Exercise data:

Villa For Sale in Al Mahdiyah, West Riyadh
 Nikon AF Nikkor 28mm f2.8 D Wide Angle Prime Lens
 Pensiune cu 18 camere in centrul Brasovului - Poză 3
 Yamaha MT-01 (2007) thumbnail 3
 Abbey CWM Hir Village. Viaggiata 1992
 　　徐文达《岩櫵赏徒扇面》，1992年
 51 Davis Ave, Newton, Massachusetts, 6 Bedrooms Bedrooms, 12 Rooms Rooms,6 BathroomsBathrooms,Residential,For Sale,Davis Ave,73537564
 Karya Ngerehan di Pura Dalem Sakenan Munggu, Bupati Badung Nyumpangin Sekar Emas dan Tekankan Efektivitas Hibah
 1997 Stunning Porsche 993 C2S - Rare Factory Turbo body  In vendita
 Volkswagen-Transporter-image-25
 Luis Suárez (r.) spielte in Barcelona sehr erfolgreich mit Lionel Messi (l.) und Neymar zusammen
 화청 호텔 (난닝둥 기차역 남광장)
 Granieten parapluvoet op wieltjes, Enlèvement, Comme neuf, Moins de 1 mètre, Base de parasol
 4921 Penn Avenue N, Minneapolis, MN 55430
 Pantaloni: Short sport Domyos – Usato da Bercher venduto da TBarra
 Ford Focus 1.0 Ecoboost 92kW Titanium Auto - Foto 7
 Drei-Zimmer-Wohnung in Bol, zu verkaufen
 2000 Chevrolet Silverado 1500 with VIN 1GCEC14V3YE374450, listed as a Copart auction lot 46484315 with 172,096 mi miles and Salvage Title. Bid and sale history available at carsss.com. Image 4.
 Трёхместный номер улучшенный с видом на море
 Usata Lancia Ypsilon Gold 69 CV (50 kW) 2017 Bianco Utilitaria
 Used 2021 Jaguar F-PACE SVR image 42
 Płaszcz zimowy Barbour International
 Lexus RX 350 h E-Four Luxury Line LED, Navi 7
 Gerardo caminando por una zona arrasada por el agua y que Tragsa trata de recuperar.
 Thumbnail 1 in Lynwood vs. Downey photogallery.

Your assignment: All that belongs in the answer is an exact copy of the lines from the start of the records above through the line with "Lexus RX 350".

Your solution:
Villa For Sale in Al Mahdiyah, West Riyadh
 Nikon AF Nikkor 28mm f2.8 D Wide Angle Prime Lens
 Pensiune cu 18 camere in centrul Brasovului - Poză 3
 Yamaha MT-01 (2007) thumbnail 3
 Abbey CWM Hir Village. Viaggiata 1992
 　　徐文达《岩櫵赏徒扇面》，1992年
 51 Davis Ave, Newton, Massachusetts, 6 Bedrooms Bedrooms, 12 Rooms Rooms,6 BathroomsBathrooms,Residential,For Sale,Davis Ave,73537564
 Karya Ngerehan di Pura Dalem Sakenan Munggu, Bupati Badung Nyumpangin Sekar Emas dan Tekankan Efektivitas Hibah
 1997 Stunning Porsche 993 C2S - Rare Factory Turbo body  In vendita
 Volkswagen-Transporter-image-25
 Luis Suárez (r.) spielte in Barcelona sehr erfolgreich mit Lionel Messi (l.) und Neymar zusammen
 화청 호텔 (난닝둥 기차역 남광장)
 Granieten parapluvoet op wieltjes, Enlèvement, Comme neuf, Moins de 1 mètre, Base de parasol
 4921 Penn Avenue N, Minneapolis, MN 55430
 Pantaloni: Short sport Domyos – Usato da Bercher venduto da TBarra
 Ford Focus 1.0 Ecoboost 92kW Titanium Auto - Foto 7
 Drei-Zimmer-Wohnung in Bol, zu verkaufen
 2000 Chevrolet Silverado 1500 with VIN 1GCEC14V3YE374450, listed as a Copart auction lot 46484315 with 172,096 mi miles and Salvage Title. Bid and sale history available at carsss.com. Image 4.
 Трёхместный номер улучшенный с видом на море
 Usata Lancia Ypsilon Gold 69 CV (50 kW) 2017 Bianco Utilitaria
 Used 2021 Jaguar F-PACE SVR image 42
 Płaszcz zimowy Barbour International
 Lexus RX 350 h E-Four Luxury Line LED, Navi 7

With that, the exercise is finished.